# Cyclingnews talks to Armstrong - Interview part 1.



## Pedrosanchezo (6 Nov 2013)

http://m.cyclingnews.com/features/lance-armstrong-exclusive-interview-part-1

"The now disgraced Texan has agreed to sit down with _Cyclingnews_ Editor Daniel Benson for a face-to-face interview in his new temporary home in a sleepy suburban district of Austin."


----------



## rich p (6 Nov 2013)

part 2 is already out too, Pedro. Same obfuscation, lies, self-justification and bullshit.


----------



## Pro Tour Punditry (6 Nov 2013)

I have lost interest in Lance Armstrong and his lies. He should slide back under his stone in my opinion and only be quoted when he is in front of a judge and utters the word "guilty" when asked how he pleads.

I know that might seem harsh to some who he inspired but that's how I feel.


----------



## rich p (6 Nov 2013)

He still keeps banging on about being only willing to tell the whole truth to WADA or the UCI.
What's stopping him FFS? Go on then Lancey boy - I'm sure they'll listen. Feckin' tosser.


----------



## Pedrosanchezo (6 Nov 2013)

rich p said:


> He still keeps banging on about being only willing to tell the whole truth to WADA or the UCI.
> What's stopping him FFS? Go on then Lancey boy - I'm sure they'll listen. Feckin' tosser.


I am sure it is a case of "i'll tell all if you reduce my ban, if you don't then you will never know everything". Even now he is simply doing what serves him best in the position he finds himself. His one admirable quality is that he is a born fighter - sadly though he fights only for himself or his own interests. He still tries to manipulate everyone and everything around him.



Marmion said:


> I have lost interest in Lance Armstrong and his lies. He should slide back under his stone in my opinion and only be quoted when he is in front of a judge and utters the word "guilty" when asked how he pleads.
> 
> I know that might seem harsh to some who he inspired but that's how I feel.

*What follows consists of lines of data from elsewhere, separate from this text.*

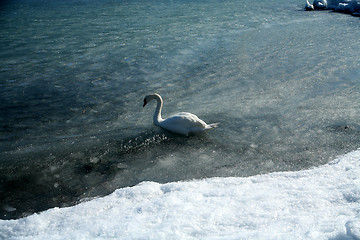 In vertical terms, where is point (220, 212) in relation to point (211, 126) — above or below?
above

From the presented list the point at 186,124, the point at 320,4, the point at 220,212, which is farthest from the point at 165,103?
the point at 320,4

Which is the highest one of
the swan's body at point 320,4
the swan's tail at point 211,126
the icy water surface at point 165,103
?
the swan's body at point 320,4

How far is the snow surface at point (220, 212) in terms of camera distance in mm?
3777

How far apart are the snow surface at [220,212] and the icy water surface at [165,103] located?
492 millimetres

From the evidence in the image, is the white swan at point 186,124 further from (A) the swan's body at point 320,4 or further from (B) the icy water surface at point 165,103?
(A) the swan's body at point 320,4

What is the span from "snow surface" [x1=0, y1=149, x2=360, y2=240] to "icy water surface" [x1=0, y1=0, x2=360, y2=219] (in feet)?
1.61

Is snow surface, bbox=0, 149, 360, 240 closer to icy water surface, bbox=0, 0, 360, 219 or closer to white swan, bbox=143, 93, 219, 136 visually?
icy water surface, bbox=0, 0, 360, 219

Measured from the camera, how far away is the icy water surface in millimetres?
5785

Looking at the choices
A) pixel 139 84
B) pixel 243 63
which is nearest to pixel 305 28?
pixel 243 63

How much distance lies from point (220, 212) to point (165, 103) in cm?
475

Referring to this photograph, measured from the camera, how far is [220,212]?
425 centimetres

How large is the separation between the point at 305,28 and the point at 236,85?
33.5 feet

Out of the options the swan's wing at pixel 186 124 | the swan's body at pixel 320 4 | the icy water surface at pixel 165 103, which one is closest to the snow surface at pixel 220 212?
the icy water surface at pixel 165 103

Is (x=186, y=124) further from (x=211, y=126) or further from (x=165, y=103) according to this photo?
(x=165, y=103)
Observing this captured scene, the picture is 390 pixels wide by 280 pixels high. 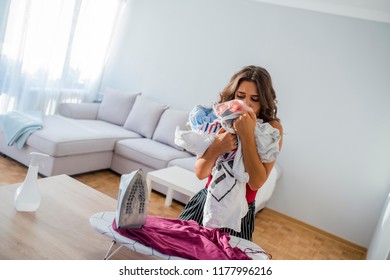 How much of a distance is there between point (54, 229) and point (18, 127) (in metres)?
1.91

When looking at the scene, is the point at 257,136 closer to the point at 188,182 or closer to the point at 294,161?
the point at 188,182

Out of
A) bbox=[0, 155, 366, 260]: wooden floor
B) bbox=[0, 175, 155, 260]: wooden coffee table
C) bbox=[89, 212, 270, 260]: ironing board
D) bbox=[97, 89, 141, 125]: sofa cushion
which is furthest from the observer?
bbox=[97, 89, 141, 125]: sofa cushion

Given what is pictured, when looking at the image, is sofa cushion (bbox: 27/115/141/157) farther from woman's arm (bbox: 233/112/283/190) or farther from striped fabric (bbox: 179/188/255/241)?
woman's arm (bbox: 233/112/283/190)

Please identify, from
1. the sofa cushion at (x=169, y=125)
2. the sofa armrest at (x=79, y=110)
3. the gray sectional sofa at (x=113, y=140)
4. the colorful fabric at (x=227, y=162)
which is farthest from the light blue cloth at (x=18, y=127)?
the colorful fabric at (x=227, y=162)

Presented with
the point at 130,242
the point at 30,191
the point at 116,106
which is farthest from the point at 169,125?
the point at 130,242

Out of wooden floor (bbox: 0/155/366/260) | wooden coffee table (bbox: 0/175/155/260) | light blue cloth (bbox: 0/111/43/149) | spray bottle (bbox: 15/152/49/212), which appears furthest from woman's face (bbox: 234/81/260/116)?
light blue cloth (bbox: 0/111/43/149)

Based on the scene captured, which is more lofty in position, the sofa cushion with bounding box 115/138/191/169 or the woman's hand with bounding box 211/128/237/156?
the woman's hand with bounding box 211/128/237/156

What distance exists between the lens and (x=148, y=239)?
107 cm

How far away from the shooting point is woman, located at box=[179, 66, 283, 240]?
1.09 metres

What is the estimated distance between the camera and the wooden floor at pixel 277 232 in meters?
2.82

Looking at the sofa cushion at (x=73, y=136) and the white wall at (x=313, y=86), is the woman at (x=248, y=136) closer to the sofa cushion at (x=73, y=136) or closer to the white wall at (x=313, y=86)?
the sofa cushion at (x=73, y=136)

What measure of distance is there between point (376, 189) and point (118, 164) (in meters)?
2.41

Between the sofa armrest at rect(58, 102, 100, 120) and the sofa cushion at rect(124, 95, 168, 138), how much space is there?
0.41 metres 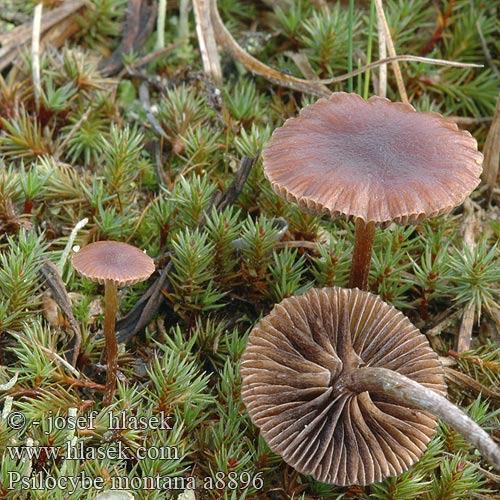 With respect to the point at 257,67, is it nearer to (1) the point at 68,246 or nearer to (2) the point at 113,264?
(1) the point at 68,246

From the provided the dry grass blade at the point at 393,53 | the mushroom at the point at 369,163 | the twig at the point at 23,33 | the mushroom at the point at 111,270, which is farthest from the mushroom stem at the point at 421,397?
the twig at the point at 23,33

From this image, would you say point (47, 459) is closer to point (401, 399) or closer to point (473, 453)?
point (401, 399)

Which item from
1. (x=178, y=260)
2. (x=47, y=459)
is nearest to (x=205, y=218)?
(x=178, y=260)

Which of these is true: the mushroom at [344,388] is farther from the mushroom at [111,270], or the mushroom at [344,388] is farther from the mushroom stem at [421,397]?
the mushroom at [111,270]

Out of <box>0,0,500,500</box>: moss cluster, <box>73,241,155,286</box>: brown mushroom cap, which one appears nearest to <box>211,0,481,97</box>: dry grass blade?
Answer: <box>0,0,500,500</box>: moss cluster

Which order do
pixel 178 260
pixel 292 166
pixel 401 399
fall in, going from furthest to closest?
1. pixel 178 260
2. pixel 292 166
3. pixel 401 399

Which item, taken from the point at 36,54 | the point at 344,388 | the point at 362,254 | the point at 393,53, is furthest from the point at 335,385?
the point at 36,54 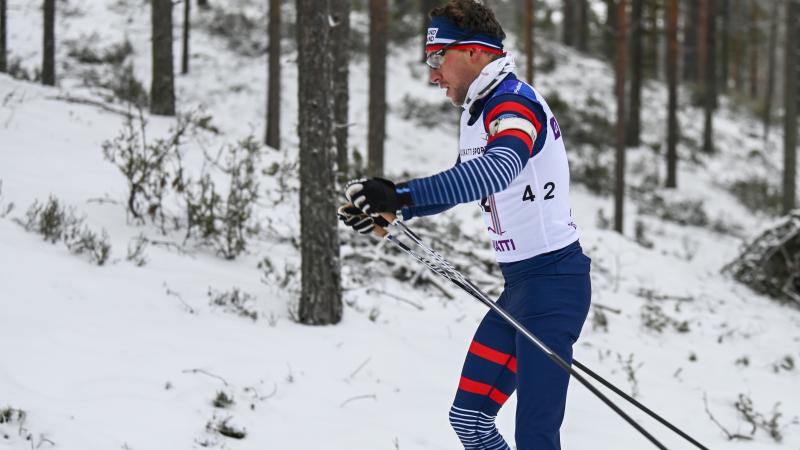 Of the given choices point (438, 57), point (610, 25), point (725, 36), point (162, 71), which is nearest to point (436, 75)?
point (438, 57)

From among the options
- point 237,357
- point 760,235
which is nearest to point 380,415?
point 237,357

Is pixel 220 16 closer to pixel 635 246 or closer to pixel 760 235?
pixel 635 246

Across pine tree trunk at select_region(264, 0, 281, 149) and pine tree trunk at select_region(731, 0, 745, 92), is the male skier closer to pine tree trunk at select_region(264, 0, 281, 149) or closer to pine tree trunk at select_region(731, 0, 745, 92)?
pine tree trunk at select_region(264, 0, 281, 149)

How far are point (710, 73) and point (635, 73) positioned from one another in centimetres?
420

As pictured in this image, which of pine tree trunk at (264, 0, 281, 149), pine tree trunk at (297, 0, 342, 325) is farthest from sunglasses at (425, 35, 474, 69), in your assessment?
pine tree trunk at (264, 0, 281, 149)

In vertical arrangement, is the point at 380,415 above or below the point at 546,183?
below

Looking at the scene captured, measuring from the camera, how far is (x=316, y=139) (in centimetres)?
585

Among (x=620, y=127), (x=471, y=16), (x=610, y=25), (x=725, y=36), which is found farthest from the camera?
(x=725, y=36)

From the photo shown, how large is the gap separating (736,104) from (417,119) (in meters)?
19.3

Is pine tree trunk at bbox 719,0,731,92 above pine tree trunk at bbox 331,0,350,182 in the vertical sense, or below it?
above

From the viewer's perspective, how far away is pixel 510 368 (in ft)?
11.0

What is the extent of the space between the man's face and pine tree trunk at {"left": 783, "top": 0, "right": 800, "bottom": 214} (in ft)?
47.4

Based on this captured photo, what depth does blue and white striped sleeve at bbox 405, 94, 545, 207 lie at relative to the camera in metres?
2.63

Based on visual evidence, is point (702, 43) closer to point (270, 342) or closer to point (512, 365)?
point (270, 342) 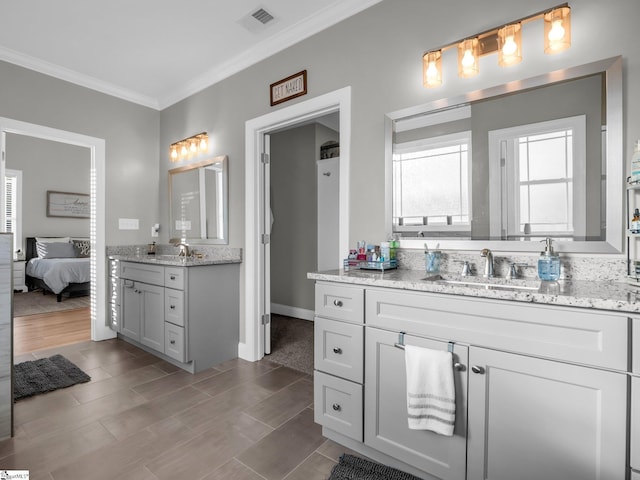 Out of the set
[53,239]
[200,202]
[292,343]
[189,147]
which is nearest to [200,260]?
[200,202]

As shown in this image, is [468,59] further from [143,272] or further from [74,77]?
[74,77]

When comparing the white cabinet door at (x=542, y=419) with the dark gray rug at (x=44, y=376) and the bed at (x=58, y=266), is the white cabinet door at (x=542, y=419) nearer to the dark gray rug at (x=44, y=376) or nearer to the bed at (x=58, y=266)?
the dark gray rug at (x=44, y=376)

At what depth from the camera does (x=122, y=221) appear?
3781mm

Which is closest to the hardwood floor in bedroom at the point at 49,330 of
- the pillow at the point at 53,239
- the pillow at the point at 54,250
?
the pillow at the point at 54,250

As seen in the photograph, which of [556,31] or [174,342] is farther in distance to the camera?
[174,342]

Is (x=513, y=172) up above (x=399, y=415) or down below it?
above

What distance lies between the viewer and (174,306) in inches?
111

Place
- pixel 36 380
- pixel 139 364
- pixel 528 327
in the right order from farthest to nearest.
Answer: pixel 139 364 → pixel 36 380 → pixel 528 327

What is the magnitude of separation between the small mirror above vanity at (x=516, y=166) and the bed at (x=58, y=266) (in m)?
5.56

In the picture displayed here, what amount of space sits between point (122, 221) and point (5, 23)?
189cm

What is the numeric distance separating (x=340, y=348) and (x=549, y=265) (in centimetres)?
105

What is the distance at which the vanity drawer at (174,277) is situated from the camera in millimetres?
2729

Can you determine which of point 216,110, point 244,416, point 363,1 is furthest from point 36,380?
point 363,1

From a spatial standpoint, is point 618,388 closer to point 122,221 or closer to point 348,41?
point 348,41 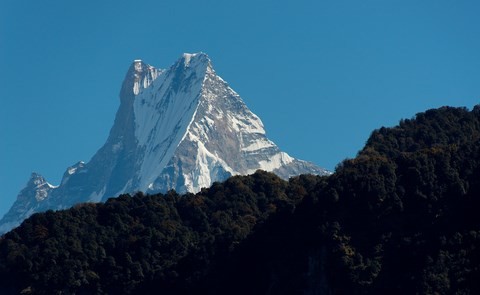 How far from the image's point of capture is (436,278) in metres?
88.1

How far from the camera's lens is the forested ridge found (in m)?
91.3

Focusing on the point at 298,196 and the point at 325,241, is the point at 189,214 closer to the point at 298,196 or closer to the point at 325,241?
the point at 298,196

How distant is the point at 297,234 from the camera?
3775 inches

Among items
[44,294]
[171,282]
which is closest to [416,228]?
[171,282]

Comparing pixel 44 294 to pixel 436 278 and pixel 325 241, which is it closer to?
pixel 325 241

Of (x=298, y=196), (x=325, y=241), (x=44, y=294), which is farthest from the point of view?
(x=298, y=196)

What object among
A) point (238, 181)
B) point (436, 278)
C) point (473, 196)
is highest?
point (238, 181)

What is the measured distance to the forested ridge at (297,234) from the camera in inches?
3595

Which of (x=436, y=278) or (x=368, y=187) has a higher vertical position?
(x=368, y=187)

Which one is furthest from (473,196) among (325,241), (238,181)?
(238,181)

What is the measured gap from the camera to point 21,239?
108188 millimetres

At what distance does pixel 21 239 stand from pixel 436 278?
109ft

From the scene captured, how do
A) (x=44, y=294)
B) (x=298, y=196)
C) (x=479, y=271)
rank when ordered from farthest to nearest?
(x=298, y=196), (x=44, y=294), (x=479, y=271)

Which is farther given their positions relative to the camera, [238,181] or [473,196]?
[238,181] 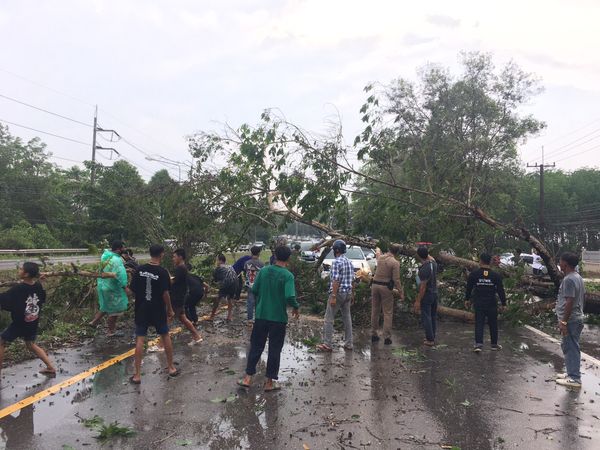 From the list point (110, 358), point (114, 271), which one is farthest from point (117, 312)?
point (110, 358)

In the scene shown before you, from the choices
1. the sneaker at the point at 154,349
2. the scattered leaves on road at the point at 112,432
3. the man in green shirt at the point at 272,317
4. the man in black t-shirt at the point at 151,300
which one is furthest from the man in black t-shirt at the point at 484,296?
the scattered leaves on road at the point at 112,432

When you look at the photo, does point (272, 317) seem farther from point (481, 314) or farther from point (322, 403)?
point (481, 314)

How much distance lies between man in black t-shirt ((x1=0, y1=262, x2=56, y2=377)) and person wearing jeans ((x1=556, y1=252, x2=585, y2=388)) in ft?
20.5

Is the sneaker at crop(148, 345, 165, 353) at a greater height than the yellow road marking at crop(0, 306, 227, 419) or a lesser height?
greater

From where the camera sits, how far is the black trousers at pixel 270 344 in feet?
18.3

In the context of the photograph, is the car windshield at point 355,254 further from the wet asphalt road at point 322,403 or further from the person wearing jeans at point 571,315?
the person wearing jeans at point 571,315

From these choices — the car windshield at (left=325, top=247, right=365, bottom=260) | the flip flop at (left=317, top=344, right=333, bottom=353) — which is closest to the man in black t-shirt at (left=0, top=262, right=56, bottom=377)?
the flip flop at (left=317, top=344, right=333, bottom=353)

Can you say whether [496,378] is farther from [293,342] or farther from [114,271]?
[114,271]

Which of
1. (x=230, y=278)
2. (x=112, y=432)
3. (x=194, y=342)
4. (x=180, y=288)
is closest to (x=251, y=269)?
(x=230, y=278)

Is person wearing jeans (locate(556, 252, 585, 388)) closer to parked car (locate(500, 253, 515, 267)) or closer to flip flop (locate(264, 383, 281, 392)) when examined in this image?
flip flop (locate(264, 383, 281, 392))

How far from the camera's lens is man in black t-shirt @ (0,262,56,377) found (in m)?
5.55

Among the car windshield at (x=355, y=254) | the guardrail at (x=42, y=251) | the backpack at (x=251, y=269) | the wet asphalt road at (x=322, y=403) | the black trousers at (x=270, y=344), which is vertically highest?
the car windshield at (x=355, y=254)

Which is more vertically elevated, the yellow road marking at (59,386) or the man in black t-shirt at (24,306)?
the man in black t-shirt at (24,306)

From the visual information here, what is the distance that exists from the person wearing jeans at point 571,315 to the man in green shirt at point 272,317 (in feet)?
10.7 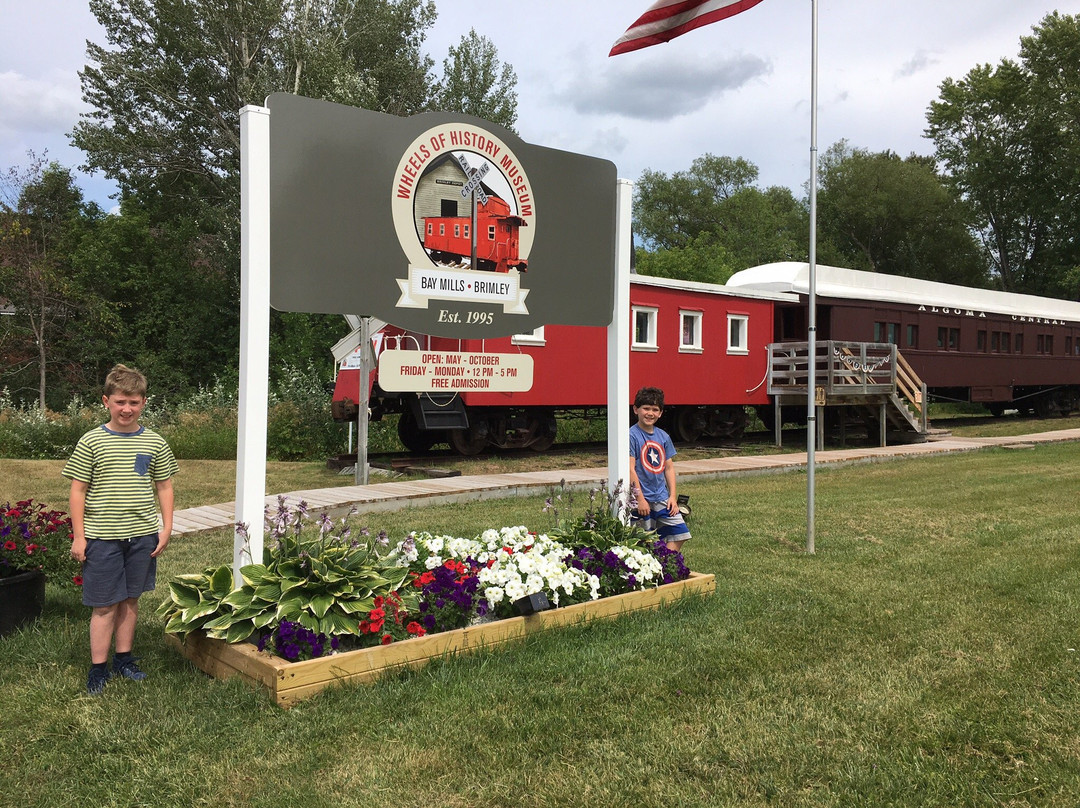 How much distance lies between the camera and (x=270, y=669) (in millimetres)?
3496

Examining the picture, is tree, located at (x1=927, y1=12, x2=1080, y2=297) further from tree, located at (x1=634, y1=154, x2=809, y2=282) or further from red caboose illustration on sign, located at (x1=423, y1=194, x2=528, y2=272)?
red caboose illustration on sign, located at (x1=423, y1=194, x2=528, y2=272)

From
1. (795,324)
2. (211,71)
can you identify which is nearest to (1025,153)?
(795,324)

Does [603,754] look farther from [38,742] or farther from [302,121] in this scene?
[302,121]

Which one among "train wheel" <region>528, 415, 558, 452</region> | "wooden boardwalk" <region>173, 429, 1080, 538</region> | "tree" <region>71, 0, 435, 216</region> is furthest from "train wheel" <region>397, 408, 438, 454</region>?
"tree" <region>71, 0, 435, 216</region>

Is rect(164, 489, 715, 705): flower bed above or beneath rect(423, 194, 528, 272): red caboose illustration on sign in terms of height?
beneath

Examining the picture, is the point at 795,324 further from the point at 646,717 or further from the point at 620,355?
the point at 646,717

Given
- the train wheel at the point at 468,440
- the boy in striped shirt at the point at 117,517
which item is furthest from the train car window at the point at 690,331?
the boy in striped shirt at the point at 117,517

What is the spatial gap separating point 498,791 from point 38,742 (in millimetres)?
1791

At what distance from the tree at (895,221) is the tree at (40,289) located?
128ft

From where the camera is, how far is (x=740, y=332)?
1861 cm

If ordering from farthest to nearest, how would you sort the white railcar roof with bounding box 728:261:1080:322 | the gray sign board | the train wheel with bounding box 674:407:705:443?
the white railcar roof with bounding box 728:261:1080:322
the train wheel with bounding box 674:407:705:443
the gray sign board

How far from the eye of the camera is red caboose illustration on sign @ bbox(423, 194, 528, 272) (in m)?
4.94

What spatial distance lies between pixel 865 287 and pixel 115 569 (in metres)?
21.4

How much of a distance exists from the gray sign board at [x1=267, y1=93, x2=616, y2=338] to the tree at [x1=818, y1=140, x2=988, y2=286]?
47709 mm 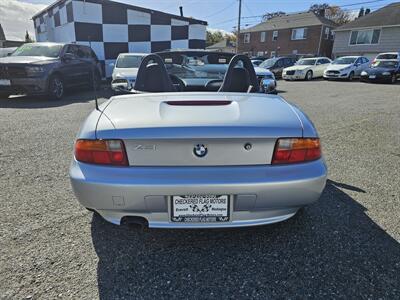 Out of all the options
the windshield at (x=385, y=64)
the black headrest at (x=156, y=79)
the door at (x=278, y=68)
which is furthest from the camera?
the door at (x=278, y=68)

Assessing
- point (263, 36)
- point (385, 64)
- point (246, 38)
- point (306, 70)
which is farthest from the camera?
point (246, 38)

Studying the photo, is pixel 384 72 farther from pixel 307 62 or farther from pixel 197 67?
pixel 197 67

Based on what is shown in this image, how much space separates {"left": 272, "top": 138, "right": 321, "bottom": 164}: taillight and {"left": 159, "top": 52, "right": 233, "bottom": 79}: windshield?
165cm

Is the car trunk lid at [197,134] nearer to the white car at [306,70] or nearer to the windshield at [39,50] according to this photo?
the windshield at [39,50]

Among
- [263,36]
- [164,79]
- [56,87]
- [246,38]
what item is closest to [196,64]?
[164,79]

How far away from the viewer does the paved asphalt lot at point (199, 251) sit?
5.16 feet

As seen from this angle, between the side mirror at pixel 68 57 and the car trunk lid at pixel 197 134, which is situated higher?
the side mirror at pixel 68 57

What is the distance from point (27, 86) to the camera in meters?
6.99

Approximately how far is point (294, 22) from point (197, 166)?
36.7 meters

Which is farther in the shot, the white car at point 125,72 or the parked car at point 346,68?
the parked car at point 346,68

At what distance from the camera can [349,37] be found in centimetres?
2678

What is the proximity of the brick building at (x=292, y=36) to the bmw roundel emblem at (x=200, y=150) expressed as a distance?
33.8 metres

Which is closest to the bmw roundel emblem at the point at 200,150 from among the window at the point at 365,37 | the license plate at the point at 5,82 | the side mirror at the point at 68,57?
the license plate at the point at 5,82

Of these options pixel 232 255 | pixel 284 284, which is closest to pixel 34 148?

As for him crawling under a rock or disappearing? Not gona happen anytime soon i'm afraid. Every doping case or grand tour winner will be linked with Armstrong by the media, not to mention the multitude of big screen tales due out in the next few years.


----------



## beastie (7 Nov 2013)

He's such a daffodil.....aaaarrrggghhhh


----------



## Pedrosanchezo (7 Nov 2013)

Part 2

http://www.cyclingnews.com/features/lance-armstrong-exclusive-interview-part-2


----------



## Noodley (7 Nov 2013)

Ignore him. 

I am.

Those in the media who did not speak out before should, in my opinion, try to make some kind of effort to ignore him now. And not scurry off to speak to him on his terms. Nobbers.



Marmion said:


> ...only be quoted when he is in front of a judge and utters the word "guilty" when asked how he pleads.


 
Exactly.


----------



## Flying_Monkey (7 Nov 2013)

I find it fascinating. Not so much what he is saying, although there are still some interesting things in there, but his whole manner, which is still very much someone who is utterly sure of himself and convinced of his integrity and superiority.


----------



## Flying_Monkey (7 Nov 2013)

I also agree with him about the similarities between him David Walsh. Of course that is also part of the ongoing battle between them...


----------



## Hont (7 Nov 2013)

I read about two paragraphs before realising, as Rich P says, that it was just self-serving bullshit. I see from the headline of part 2 (I have no interest in reading further) that he claims to have ridden clean in 2009. Sorry Lance we don't like your credibility.


----------



## threebikesmcginty (7 Nov 2013)

Last time I posted what I thought of LA I got a PM off of them mods


----------



## threebikesmcginty (7 Nov 2013)

2754589 said:


> Have you spent the intervening time working out how to say it in less offensive language?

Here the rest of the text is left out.